Divers ouvrages de mathématique et de physique.

Paris: L’Imprimerie Royale, 1693.

First edition of this superb collection of thirty-one treatises by the leading scientists of seventeenth-century France, almost all of which are published here for the first time. This is one of the earliest important publications of the Académie des Sciences, and one of the most magnificent, and the present copy was probably intended for presentation: it is bound in contemporary calf with the arms of Louis XIV on each cover. Founded on 22 December 1666, one of the principal functions of the Académie was to facilitate publication of the works of its members. Frenicle and Roberval were founding members (as was Huygens), and without the assistance of the Académie it is likely that many of their works would have remained unpublished (only two works by Frenicle and two by Roberval were published in their lifetimes). After the death of Frenicle and Roberval in 1675, their books and manuscripts were entrusted to the astronomer Jean Picard; eight treatises by Huygens were also sent to Picard for publication in this collection. After Picard’s death in 1682, publication of the works was brought to fruition by Philippe de la Hire. La Hire also included in the Divers ouvrages five treatises by Picard himself, including an unusual 37-page work on dioptrics, one by Mariotte and two each by Auzout and Rømer. The most important work in the volume is probably Roberval’s Traité des indivisibles, composed around the same time as Cavalieri's Geometria indivisibilibus (1635) but independent of it and published here for the first time. The treatises by Frenicle, a close correspondent of Fermat, treat topics in number theory and related fields. See below for a full list of contents.

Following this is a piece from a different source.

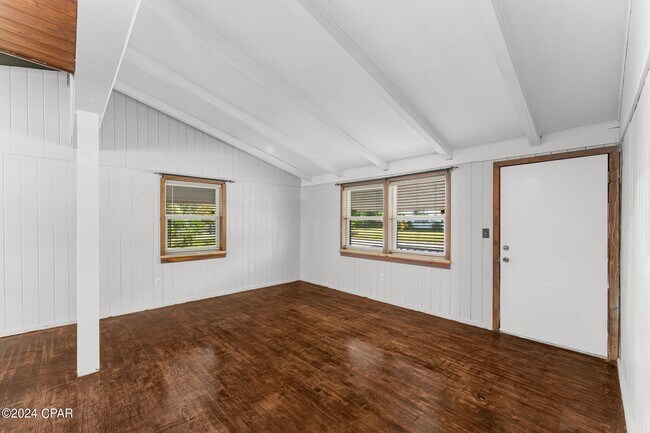 Building Photo - 526 Bay Ave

Gilles Personne de Roberval (1602-75) arrived in Paris in 1628 and put himself in contact with the Mersenne circle. “Mersenne, especially, always held Roberval in the highest esteem. In 1632 Roberval became professor of philosophy at the Collège de Maître Gervais. On 24 June 1634, he was proclaimed the winner in the triennial competition for, the Ramus chair (a position that he kept for the rest of his life) at the Collège Royal in Paris, where at the end of 1655 he also succeeded to Gassendi’s chair of mathematics. In 1666 Roberval was one of the charter members of the Académie des Sciences in Paris … He himself published only two works: Traité de méchanique (1636) and Aristarchi Samii de mundi systemate (1644). A rather full collection of his treatises and letters was published in the Divers ouvrages de mathématique et de physique par messieurs de I’Académie royale des sciences (1693), but since few of his other writings were published in the following period, Roberval was for long eclipsed by Fermat, Pascal, and, above all, by Descartes, his irreconcilable adversary.

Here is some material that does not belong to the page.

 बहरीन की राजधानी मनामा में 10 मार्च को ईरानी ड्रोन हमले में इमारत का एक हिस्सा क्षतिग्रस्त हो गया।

“Roberval was one of the leading proponents of the geometry of infinitesimals, which he claimed to have taken directly from Archimedes, without having known the work of Cavalieri. Moreover, in supposing that the constituent elements of a figure possess the same dimensions as the figure itself, Roberval came closer to the integral calculus than did Cavalieri, although Roberval’s reasoning in this matter was not free from imprecision. The numerous results that he obtained in this area are collected in the Divers ouvrages, under the title of Traité des indivisibles. One of the first important findings was, in modern terms, the definite integration of the rational power, which he most probably completed around 1636, although by what manner we are not certain. The other important result was the integration of the sine … the most famous of his works in this domain concerns the cycloid. Roberval introduced the “compagne” (“partner”) of the original cycloidal curve and appears to have succeeded, before the end of 1636, in the quadrature of the latter and in the cubature of the solid that it generates in turning around its base …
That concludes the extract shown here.